The only complete defense against hawks is a solid run roof or 1-inch agricultural netting overhead. Every other technique — roosters, mock predator silhouettes, brush cover, color choice — reduces losses by 30–50% but does not eliminate them. Free-ranging birds without overhead protection lose 1–3 hens per month once a hawk moves into the area. This guide covers the species, the math, and the layered defenses that actually keep your flock alive in daylight.
For the broader predator-defense system covering ground predators too, see our Predator-Proof Chicken Coop Defense Guide.
Which Hawks Actually Hunt Chickens
Three raptor species account for nearly all backyard chicken losses in the US:
Red-tailed hawk (Buteo jamaicensis): the most common backyard predator, weighing 2–4 lb with a 4-foot wingspan. Hunts open ground from a perch. Takes hens up to 4 lb in a single strike. Active during daylight, year-round.
Cooper's hawk (Accipiter cooperii): smaller (~1 lb) but far more agile. Hunts through trees and around structures, taking chicks and bantams. Common in suburban and woodland-edge backyards. Less likely to take adult standard hens.
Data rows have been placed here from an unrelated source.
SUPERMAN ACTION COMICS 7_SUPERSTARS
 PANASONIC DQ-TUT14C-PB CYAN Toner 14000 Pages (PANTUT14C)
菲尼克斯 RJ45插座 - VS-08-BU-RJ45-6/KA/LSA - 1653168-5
Sharp-shinned hawk (Accipiter striatus): smallest of the three, takes chicks and small bantams only. Hunts at low altitude through dense cover.
Owls are the corresponding nighttime threat — great-horned owls in particular take adult hens overnight if the run is uncovered. The defenses below cover both daytime hawks and nighttime owls because the physical mechanism (overhead cover) is the same.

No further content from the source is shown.